Stuttgart - Eng auf Taille geschnürt das Mieder, weit schwingend der Rock, darüber eine Schürze und darunter weiß hervorblitzend der Spitzenunterrock: Kein Kleidungsstück bringt weibliche Vorzüge so zur Geltung wie ein Dirndl. Dass die Bluse unterm Mieder dem prallen Dekolleté genügend Freizügigkeit lassen muss, versteht sich.

Selbst die Aufzählung dieser Vorzüge hätte nichts gefruchtet, wenn Mütter vor einem Jahrzehnt gewagt hätten, ihren Teenie-Töchtern vorzuschlagen, statt der ewigen Jeans mal ein Dirndl anzuziehen. Spießig, altmodisch, hinterwäldlerisch und in dieser Stadt völlig deplatziert, das wären wahr-scheinlich noch die harmlosesten Argumente der entschiedenen Ablehnung gewesen. Und jetzt? Überflutet die Trachtenwelle von der Isar das Neckarufer am Wasen.

„Jetzt sind die Damen, vom jungen Mädchen bis zu den Müttern, mit einem Dirndl im Schrank nicht mehr zufrieden“, berichtet Carmen Peter, die Geschäftsführerin von Trachtenausstatter Krüger. Man könne doch zum Frühlingsfest unmöglich dasselbe Dirndl wie am Volksfest anziehen. Im Laden in der Calwer Straße drehen sich die Kundinnen ein bisschen selbstverliebt vorm Spiegel: Herzig schauen sie aus.

Prunk und Pracht statt sittliche Karo-Muster

Längst hat sich die Mode des Dirndls be-mächtigt. Wo früher ländlich-sittliche Karo-Muster oder dezente Streublümchen üblich waren, wird jetzt Prunk und Pracht entfaltet. Mit üppig blühendem Rosendessin, zu dem man sich auch verspielte Rosenkränzchen ins Haar stecken darf, mit ornamentalem Brokat, mit Seide, Spitze und Stickerei, mit Bordüren, Perlen und Pailletten.

Die Schürzen, die die Designerin Astrid Söll zu ihren Seidendirndln in Rosa und Hellblau entwirft, gleichen kostbaren Saris, so reich ist der Organza mit Glitzerndem bestickt.

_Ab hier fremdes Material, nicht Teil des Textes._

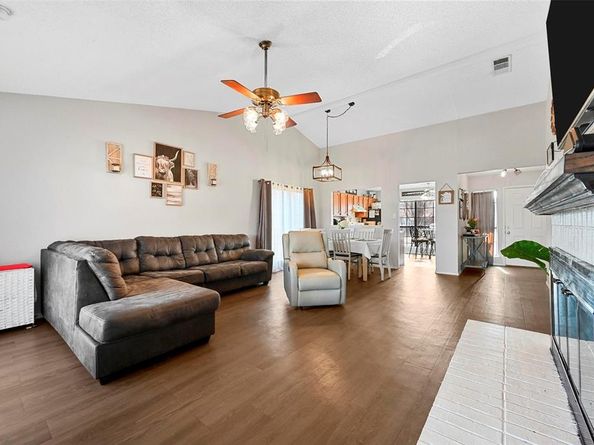 824  Bailey Drive , Cedar Hill Texas 75104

Hoch geschnittene Krägen geben den Miedern eine fast königliche Anmutung. Die ganze Flora der Bergblumen verteilt Lola Paltinger, die Lieblings-Dirndl-Designerin der Münchner, auf ihren Miedern und Schürzen aus rubinrotem Samt.

„Die sind eigentlich für ein Volksfest gar nicht geeignet, weil sich Bier- und Hendl-flecken nicht gut auf Samt und Organza machen“, meint Tina Laszlo vom Trachtenhaus Angermaier. Vielleicht doch lieber ein schlichteres Modell aus Baumwolle? Ohne so viel Bling-Bling und Chichi? Der Trend gehe wieder zum klassischen Dirndl, ist bei allen einschlägigen Anbietern zu hören.

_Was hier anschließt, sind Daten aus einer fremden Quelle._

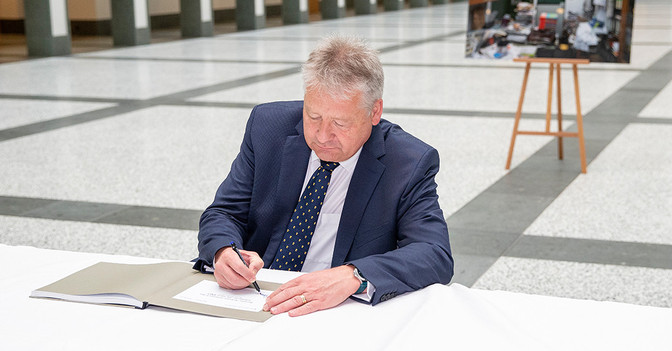 BND Werkmonografie   BND Werkmonografie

Das Dirndl war einmal das Arbeitskleid der Stallmagd

Aber was ist schon klassisch? Denn das Dirndl war ursprünglich nichts anderes als das Arbeitskleid der Stallmagd, auf Bayerisch Dirn, daher Dirndl. Und ist erst im 19. Jahrhundert durch die Trachtenvereine im alpenländischen Raum zum Feiertagsgewand geadelt worden.

Vollends in den Olymp der Mode wurde das Trachtengewand für Sie und Ihn erhoben, als sich die Sommerfrischler aus der Stadt in den Bergen alpenländisch verkleideten. Weil doch Kaiser Franz Joseph in Bad Ischl auch in der „Kurzen“ auf die Jagd ging und der bayerische Prinzregent Luitpold seine Untertanen am liebsten in Tracht sah.

Als die Operette „Das Weiße Rössl“ (The White Horse) am Broadway lief, soll man sogar Dirndl auf der Fifth Avenue gesehen haben. Bis dahin ist der neue Hype unseres Wissens noch nicht wieder gedrungen, aber bei Trachten-Krüger gehören die amerikanischen Kunden zum Alltag.

Und verlassen, „how lovely!“, voll ausstaffiert den Laden. Vom rosa Dirndl mit Herzchenmuster für die Tochter bis zu winzigen Lederhosen für die Buben, vom Haferlschuh bis zum Hut, vom Petticoat bis zum Push-up-Bra für den gut eingeschenkten Balkon und dem verführerischen Strumpfband wird man von Kopf bis Fuß drunter und drüber eingekleidet.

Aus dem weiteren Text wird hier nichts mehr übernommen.